* _Exercise directions_: The reply should reproduce every line of the data below word for word, minus any images.

* _Given information_:
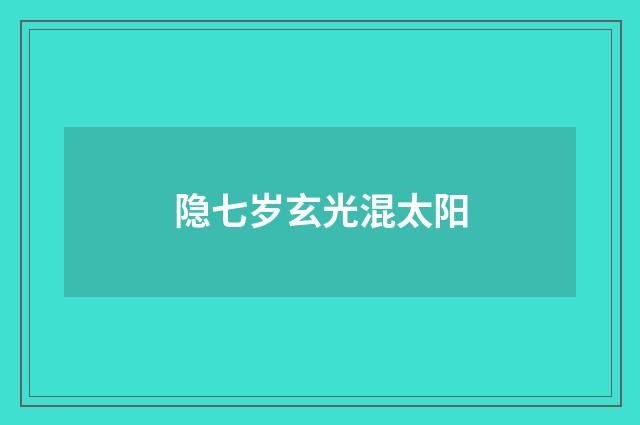 隐七岁玄光混太阳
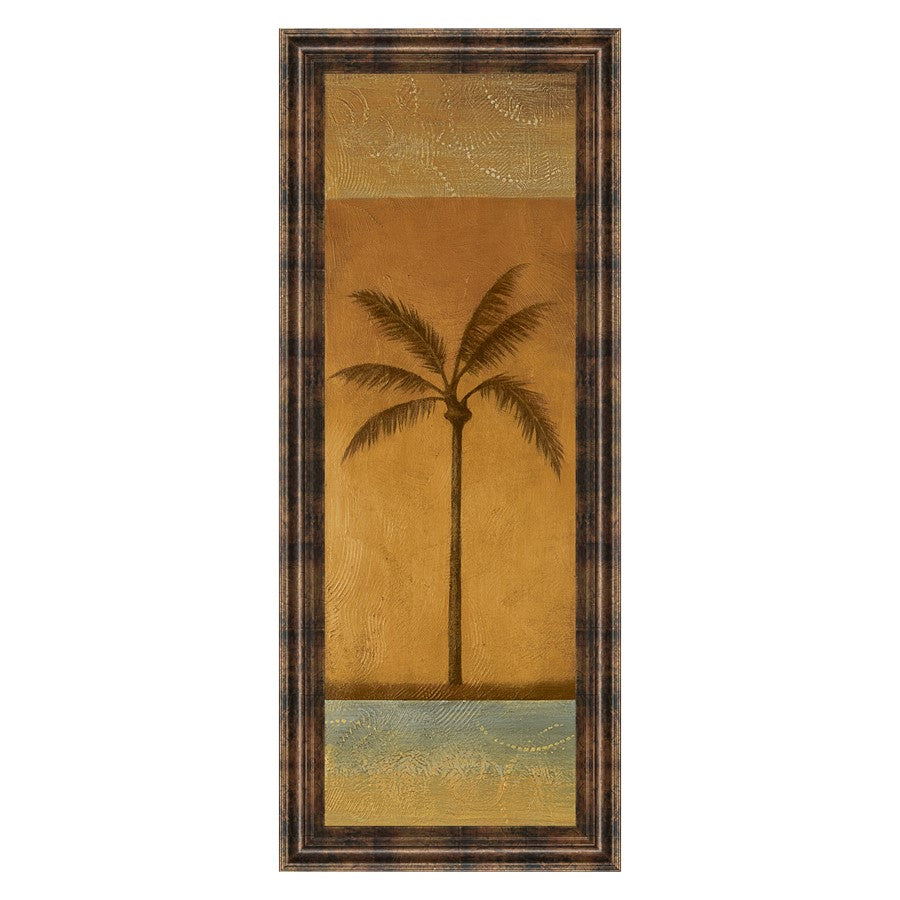 Classy Living Golden Palm I 18x42in Wall Art | Contemporary Multicolor Paper on MDF in Dark Chocolate Frame | Living Room & Bedroom Botanical | Model 1230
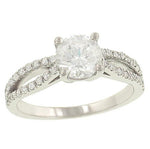 Pavé Diamond Engagement Ring with Split Shank in 14K White Gold with 0.23 ct Total Diamond Weight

* _Result_:
 隐七岁玄光混太阳
 Classy Living Golden Palm I 18x42in Wall Art | Contemporary Multicolor Paper on MDF in Dark Chocolate Frame | Living Room & Bedroom Botanical | Model 1230
 Pavé Diamond Engagement Ring with Split Shank in 14K White Gold with 0.23 ct Total Diamond Weight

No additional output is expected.